*Brief*
Write out exactly the lines below that run from the one containing "Singhaa ver1" through the one containing "극장판 체인소 맨 레제편 포치타 룸 라이트 피규어 프라이스", both included, with no other lines.

---------- Given records ----------

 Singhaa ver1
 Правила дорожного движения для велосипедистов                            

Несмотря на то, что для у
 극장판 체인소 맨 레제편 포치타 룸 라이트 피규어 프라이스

----------
---------- Given records ----------

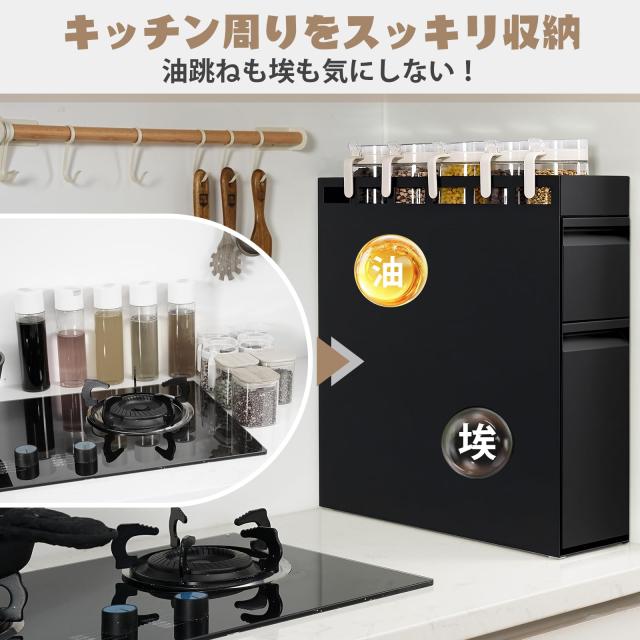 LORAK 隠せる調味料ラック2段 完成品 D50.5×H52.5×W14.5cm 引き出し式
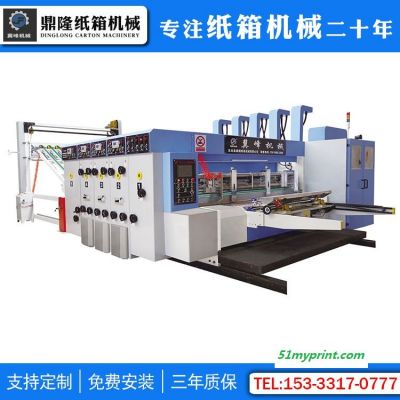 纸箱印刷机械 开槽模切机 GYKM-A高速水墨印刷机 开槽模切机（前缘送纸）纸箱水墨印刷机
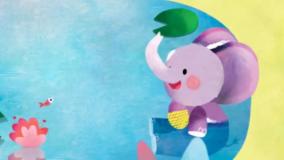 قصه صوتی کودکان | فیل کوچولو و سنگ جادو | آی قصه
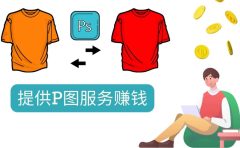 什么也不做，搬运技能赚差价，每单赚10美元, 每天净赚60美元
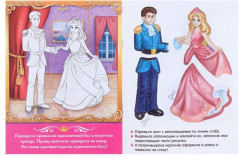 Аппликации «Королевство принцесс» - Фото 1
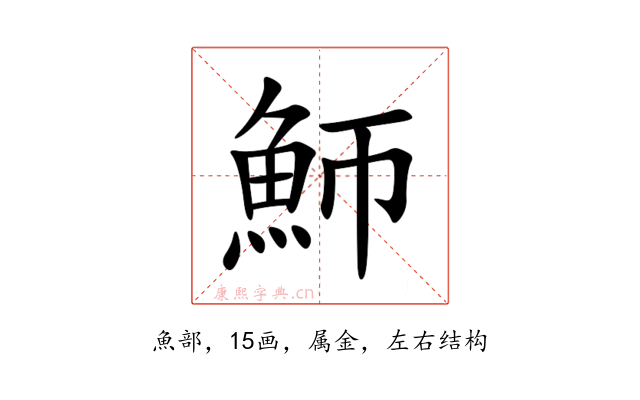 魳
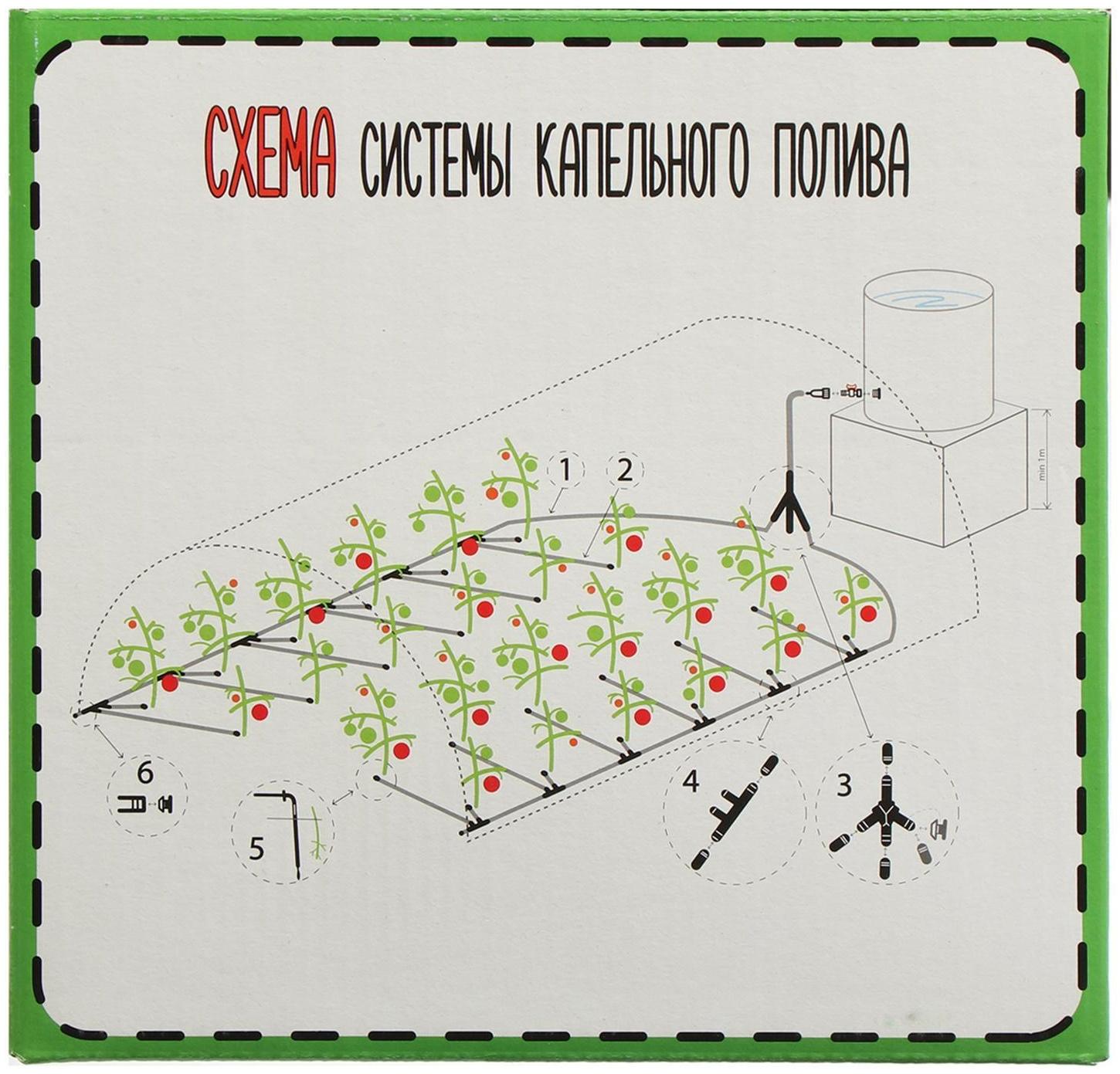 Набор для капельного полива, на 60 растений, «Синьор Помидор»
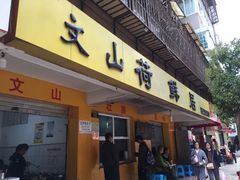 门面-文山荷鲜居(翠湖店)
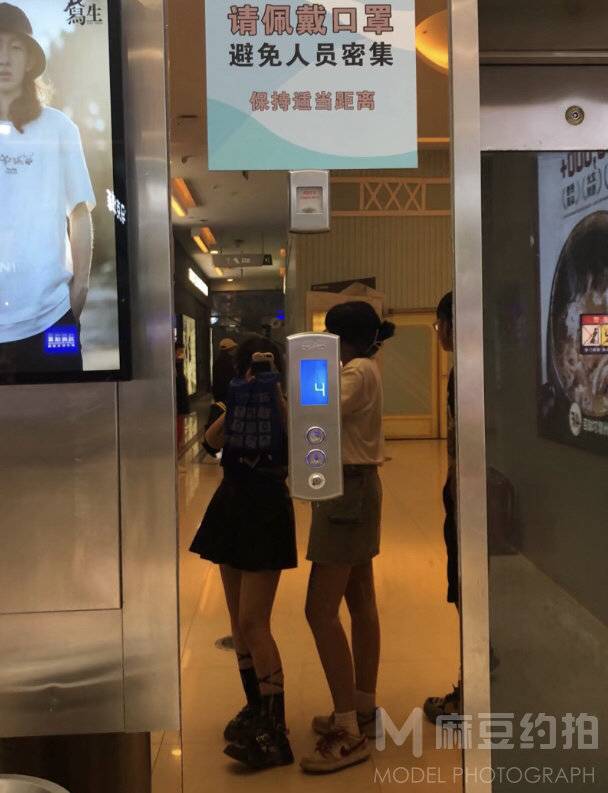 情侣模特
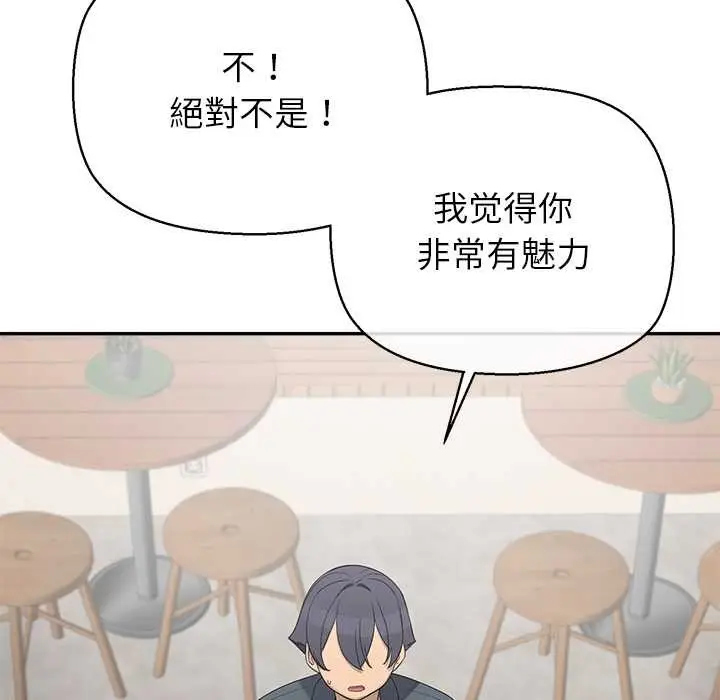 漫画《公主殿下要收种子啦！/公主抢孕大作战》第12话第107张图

----------
---------- Given records ----------

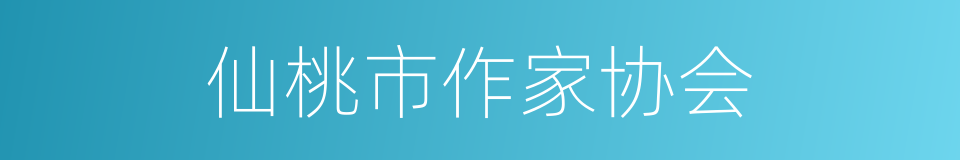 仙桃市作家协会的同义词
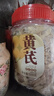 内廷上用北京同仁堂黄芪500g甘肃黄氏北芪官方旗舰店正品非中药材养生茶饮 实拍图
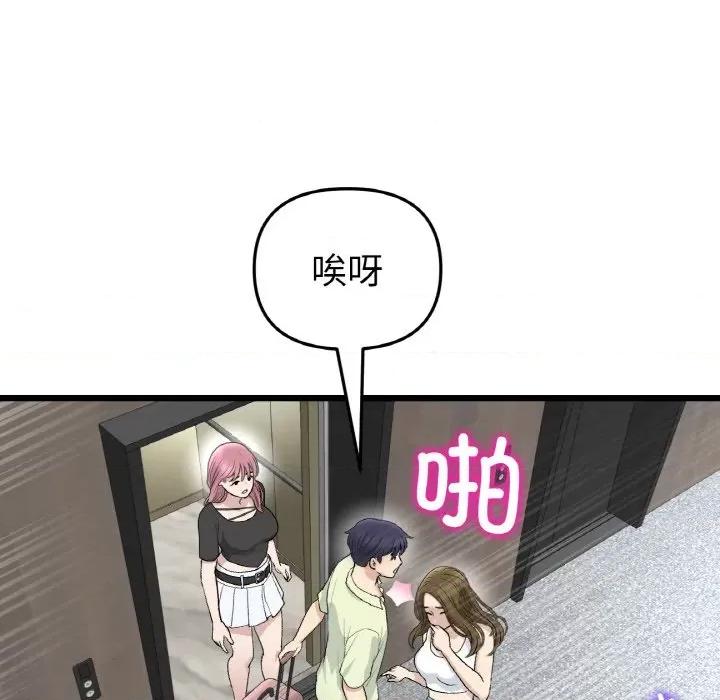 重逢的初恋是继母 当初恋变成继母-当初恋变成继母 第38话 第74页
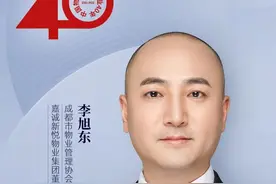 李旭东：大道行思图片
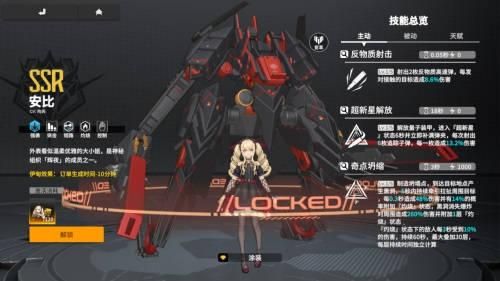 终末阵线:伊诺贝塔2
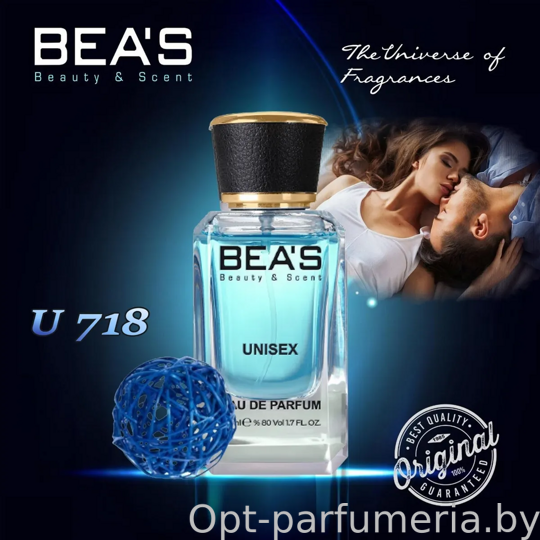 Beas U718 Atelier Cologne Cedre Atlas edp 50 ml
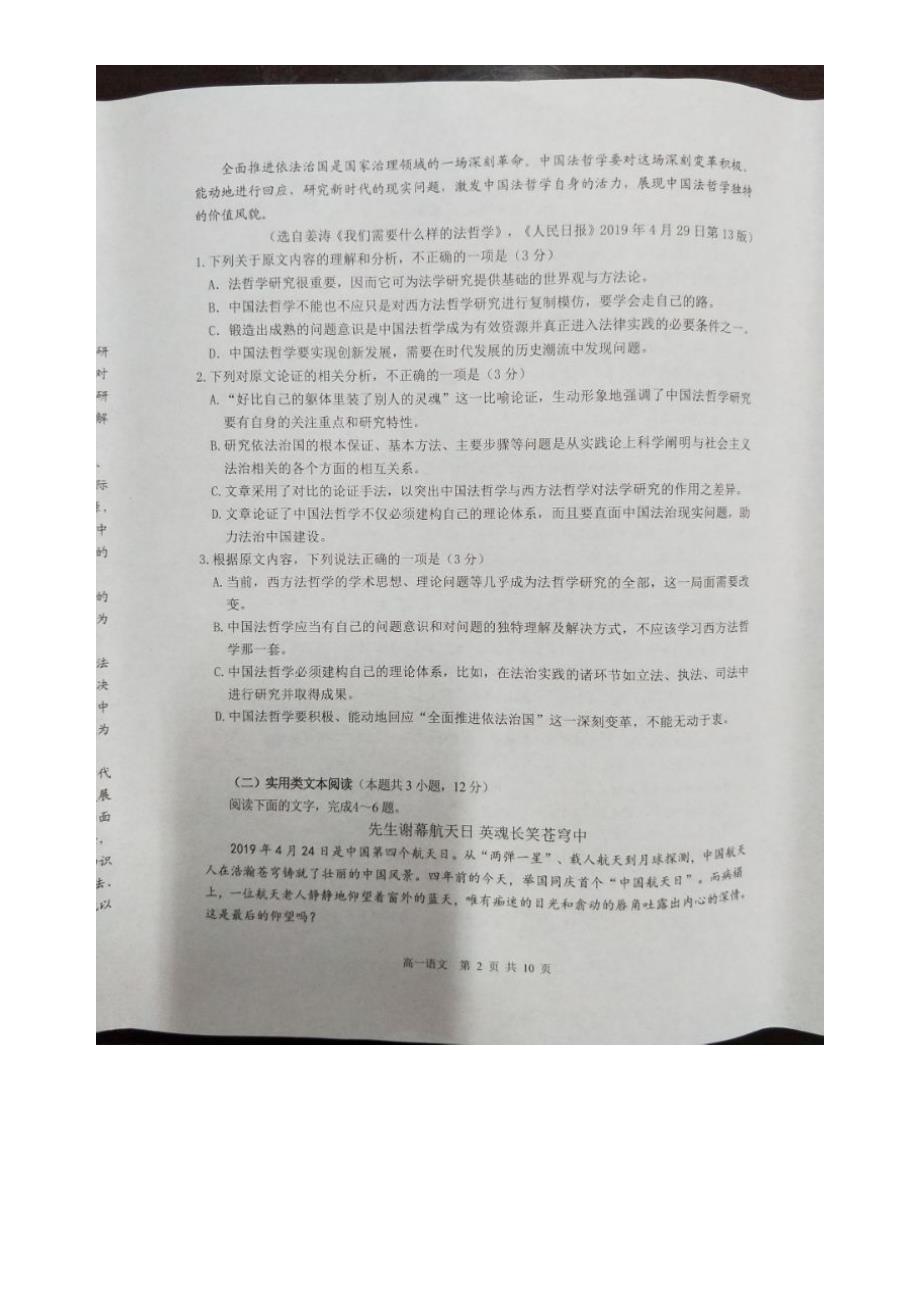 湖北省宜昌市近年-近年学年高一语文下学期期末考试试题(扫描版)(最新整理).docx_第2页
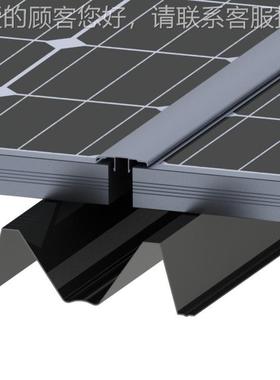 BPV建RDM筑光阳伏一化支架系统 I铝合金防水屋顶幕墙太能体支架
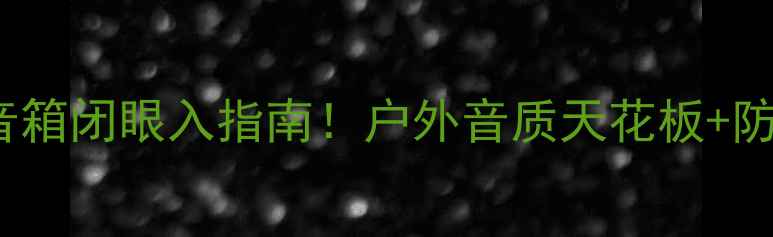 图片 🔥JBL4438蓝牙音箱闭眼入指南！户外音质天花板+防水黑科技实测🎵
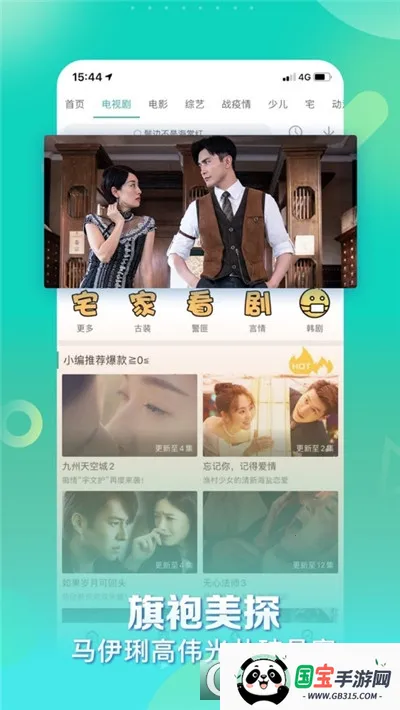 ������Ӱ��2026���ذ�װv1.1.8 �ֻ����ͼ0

----------

*Solution*
 Singhaa ver1
 Правила дорожного движения для велосипедистов                            

Несмотря на то, что для у
 극장판 체인소 맨 레제편 포치타 룸 라이트 피규어 프라이스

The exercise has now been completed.